Issue: Client-Clock-Based Last-Write-Wins (LWW)

• Failure Mode: Client clocks are not synchronized. If User A's clock is 1 minute fast and User B's is 1 minute slow, User A's edits will overwrite User B's edits regardless of actual arrival time.
• Race Condition: Two users edit the same character range simultaneously. LWW resolves this by arbitrarily choosing one, effectively deleting the other user's work. This makes concurrent editing impossible.
• Solution: Implement CRDTs (Conflict-free Replicated Data Types) or Operational Transformation (OT) (e.g., Yjs, Automerge, Google Docs' OT). Assign server-side sequence numbers to operations, not client timestamps.
• Trade-off:
  • Pro: Guarantees eventual consistency without data loss during concurrent edits.
  • Con: Increased complexity in data modeling and frontend state management. Requires a robust state synchronization library.

Issue: Siloed WebSocket Connections (Server Partitioning)

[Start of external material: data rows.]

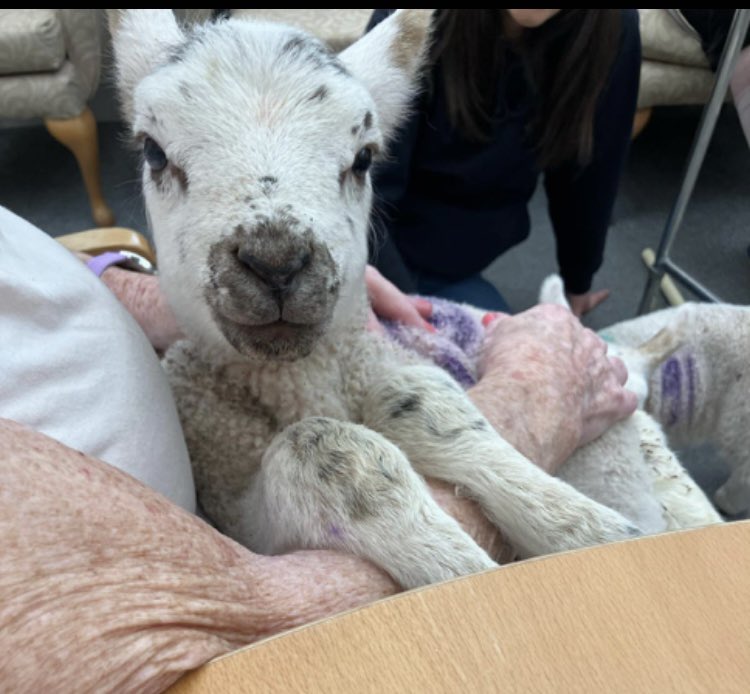 How lovely is this? Lambs visited mum and her friends! ❤️ #lambs #spring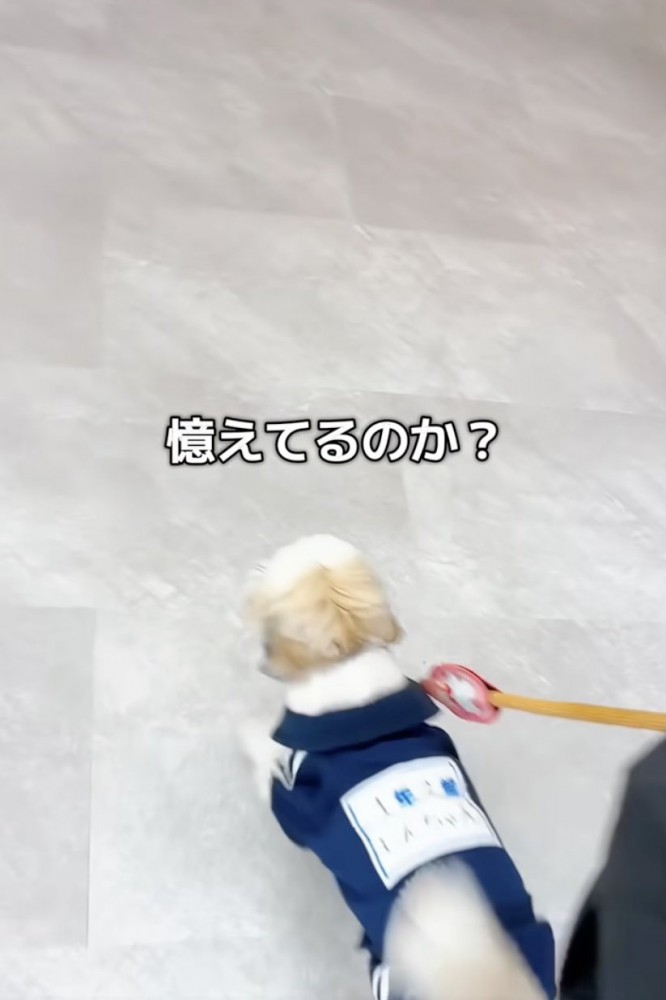 緊張の瞬間…！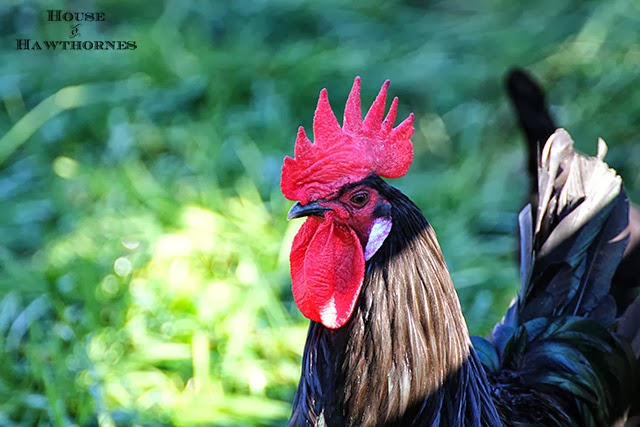 Chicken checking us out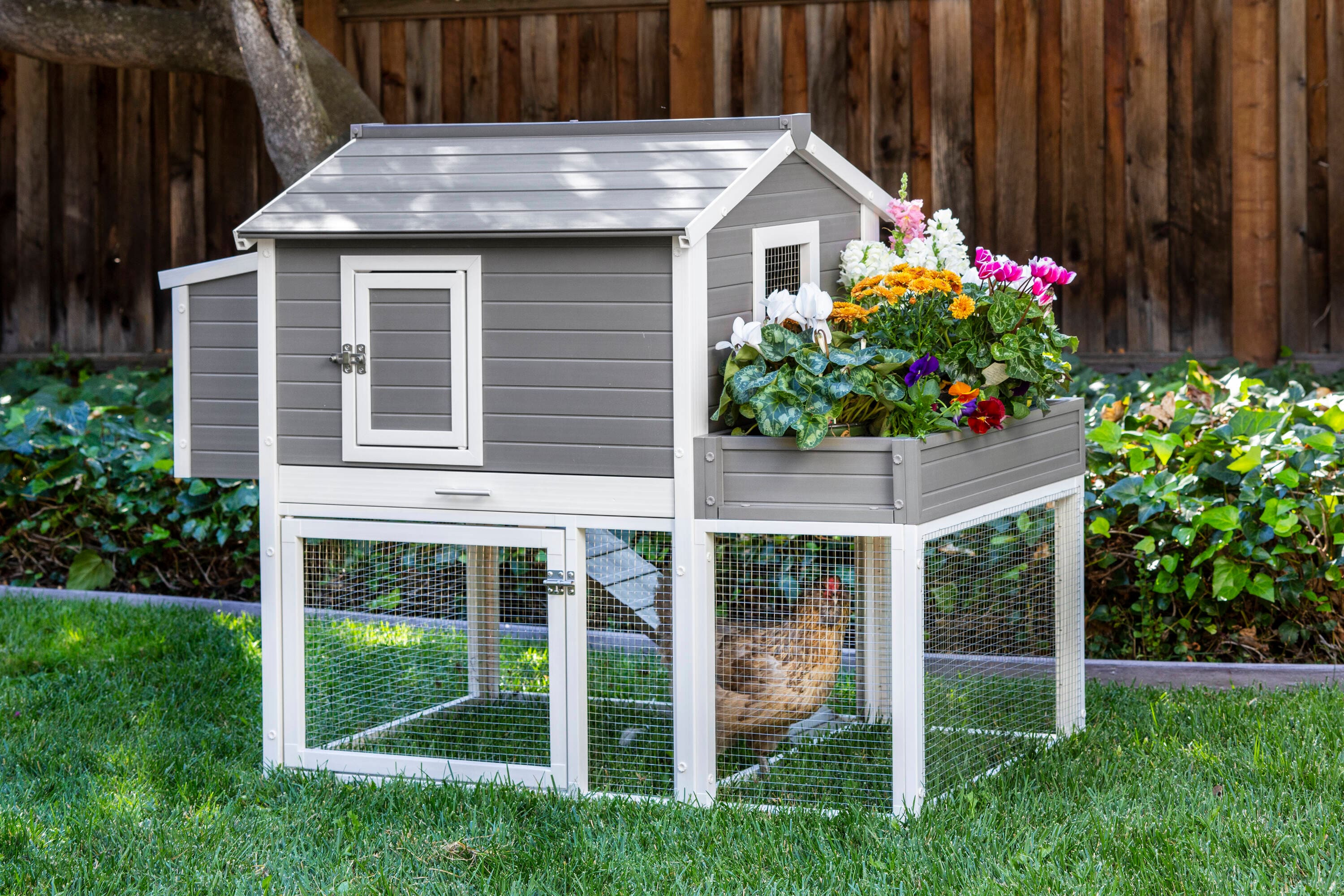 New Age Pet Gray Composite Chicken Coop in the Chicken Coops & Rabbit ...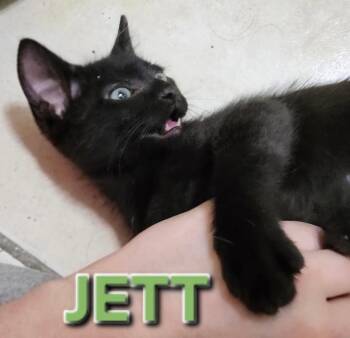 Jett 6833 -  Domestic Short Hair Cat for Adoption in Dallas, Texas - Jett 6833 | PetCurious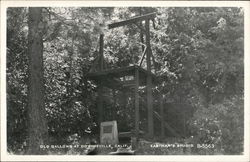 Old Gallows Postcard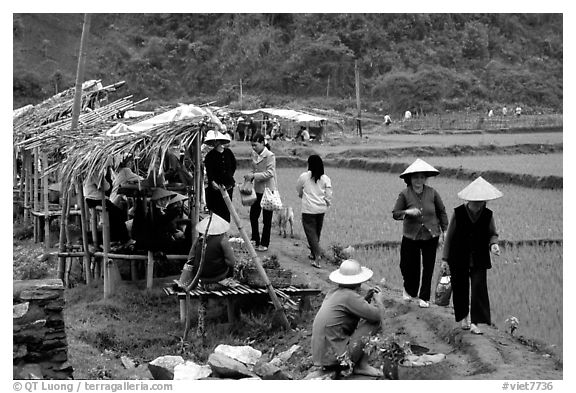 Market set on a dyke amongst rice fields near Ba Be Lake. Northeast Vietnam (black and white)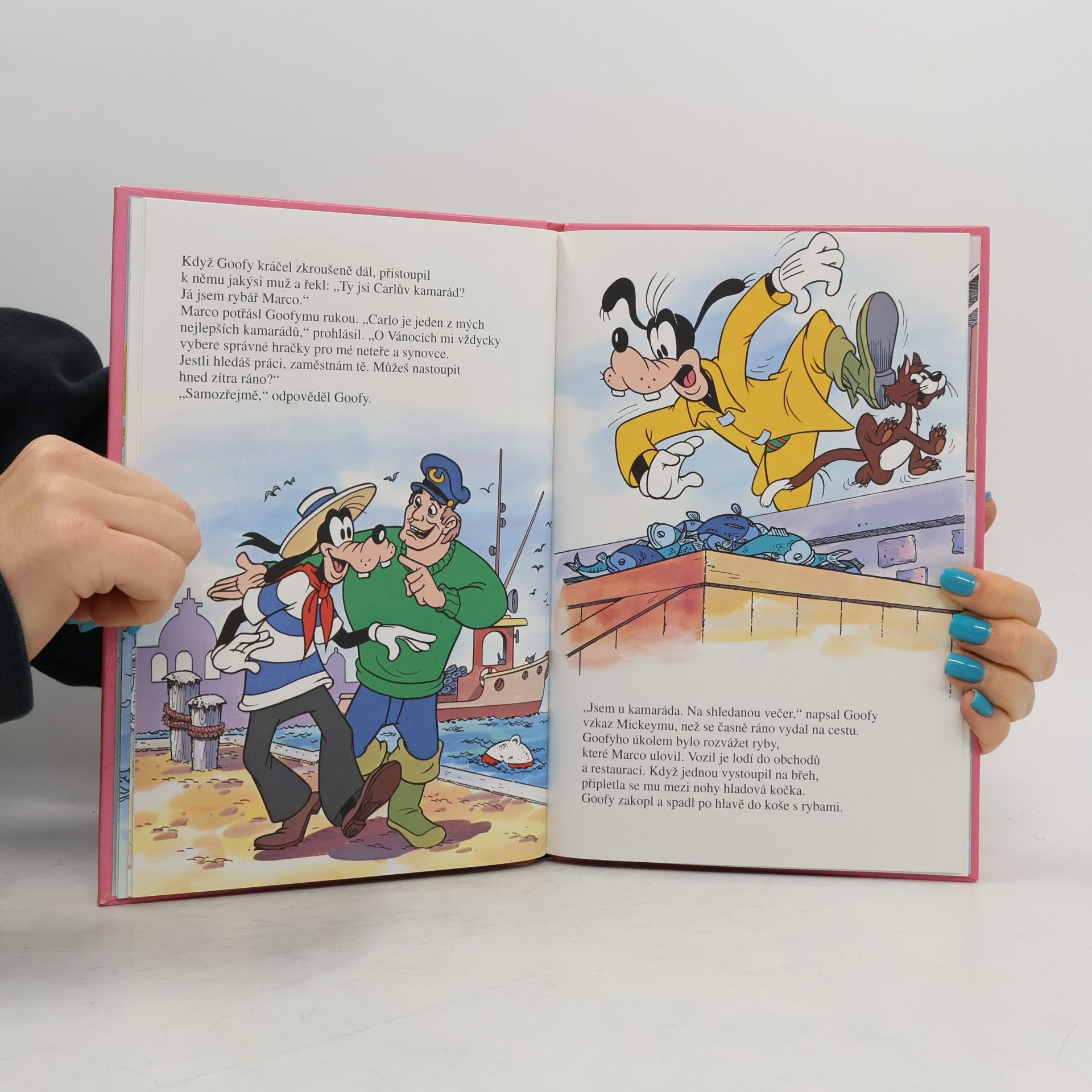 Jiří Stach Goofy a gondola: Dobrodružství v Itálii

• Failure Mode: The architecture states: "Server broadcasts change to all WebSocket clients connected to THAT server." If User A connects to Server 1 and User B connects to Server 2, User A will never see User B's changes until the polling interval hits.
• Scaling Bottleneck: As you add API servers, the probability of two collaborators connecting to different servers increases, degrading the "real-time" experience to "eventually consistent" (up to 2s delay).
• Solution: Implement a Pub/Sub Layer (e.g., Redis Pub/Sub or NATS) between API servers. When Server 1 receives a change, it publishes to a channel; Server 2 subscribes and pushes to its local clients.
• Trade-off:
  • Pro: Enables true real-time collaboration across horizontally scaled servers.
  • Con: Introduces a single point of failure (Redis cluster) and adds network latency for cross-server message propagation.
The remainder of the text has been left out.